= Joseph Esmond Riddle =

Joseph Esmond Riddle (1804–1859) was an English cleric, scholar and lexicographer.

==Life==
The eldest of the eight children of Joseph Riddle of Old Market Street, Bristol, he was born there on 7 April 1804. From Mr. Porter's school in Bristol he was sent by the Bristol society for educating young men for the church to Mr. Havergal at the rectory in Astley, Worcestershire. He matriculated at St Edmund Hall, Oxford, on 18 January 1825, and obtained a first class in classics, graduating B.A. in Michaelmas term 1828, and M.A. in 1831.

From 1828 to 1830 Riddle lived at Ramsgate, where he took pupils. In 1830 he was ordained deacon, and was successively curate of Everley, Upper Slaughter (from 1832), Reading and All Souls', Marylebone. In 1836 he was assistant minister at Brunswick Chapel, Upper Berkeley Street, and in 1837 he became curate of Harrow, soon moving to Shipton Moyne, Gloucestershire.
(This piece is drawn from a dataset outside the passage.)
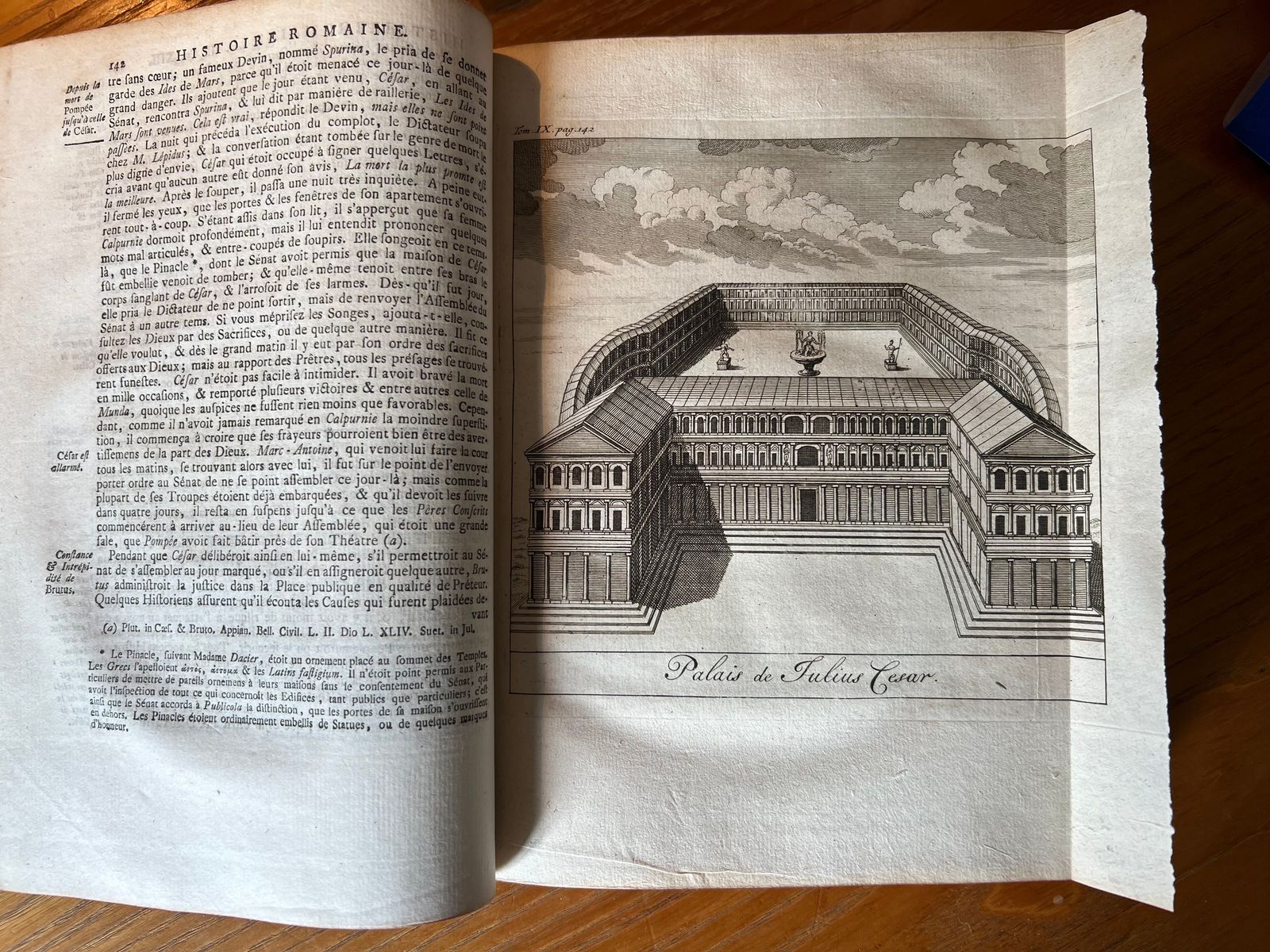 Histoire Universelle - Tome IX - Une Société de Gens de Lettres - 1752 | État de conservation cohérent avec son ancienneté, offrant une présence physique et une authenticité irremplaçables pour tout bibliophile sérieux. | Aufildeslivres.fr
Subsequently Riddle returned to Oxford in order to make use of the libraries. He was select preacher at Oxford in 1834 and 1854, and Bampton lecturer in 1852. From 1840 until his death, on 27 August 1859, he was incumbent of St. Philip's, Leckhampton in Gloucestershire. He was a vigorous defender of evangelical principles against the Tractarian movement.

==Works==
At Ramsgate Riddle began a translation of Immanuel Johann Gerhard Scheller's folio Latin dictionary, Lexicon totius Latinitatis, and it was published at the Clarendon Press in 1835. Several abridgments followed, and in 1838 he issued a Complete English-Latin Dictionary, and in 1849 A Copious and Critical Latin-English Lexicon, based on the dictionaries of Wilhelm Freund. Riddle was also joint editor of Latin dictionaries with John Tahourdin White, and of an English-Latin Dictionary with Thomas Kerchever Arnold.

Riddle's other major publications were:

- A Course of Scripture Reading for every Day in the Year, Oxford, 1831.
- Illustrations of Aristotle on Men and Manners from the Dramatic Works of Shakspeare, Oxford, 1832.
- A Scriptural Commentary on the First Epistle of Peter, London, 1834.
- Letters from an absent Godfather, 1837.
- Luther and his Times, London, 1837.
- Sermons Doctrinal and Practical, London, 1838.
- Manual of Christian Antiquities, London, 1839.
- Ecclesiastical Chronology, London, 1840.
- British Commentary on the Gospels, London, 1843.
- The Gospels in Greek, for Schools, 1844. Riddle's compatriot J. T. White, published all four Gospels in Greek with a vocabulary.
- A Progressive Latin-English Vocabulary, London, 1847.
- Churchman's Guide to the Use of the English Liturgy, London, 1848.
- Natural History of Infidelity and Superstition in contrast with Christian Faith (Bampton Lectures), Oxford and London, 1852.
- History of the Papacy to the Period of the Reformation, London, 1854.
- Manual of Scripture History, London, 1857.
- Outlines of Scripture History, being an abridgement ..., London, 1859.
- Household Prayers, London, 1857; reissued 1887.

Riddle contributed to the Encyclopædia Metropolitana the articles Annals of the East, from the Rise of the Ottoman Empire to the Capture of Constantinople; and Ecclesiastical History of the Fifteenth Century.

==Family==
Riddle married, in 1836, Margaret Sharwood, who survived him, and by whom he had a son, Arthur Esmond Riddle, rector of Tadmarton, and a daughter.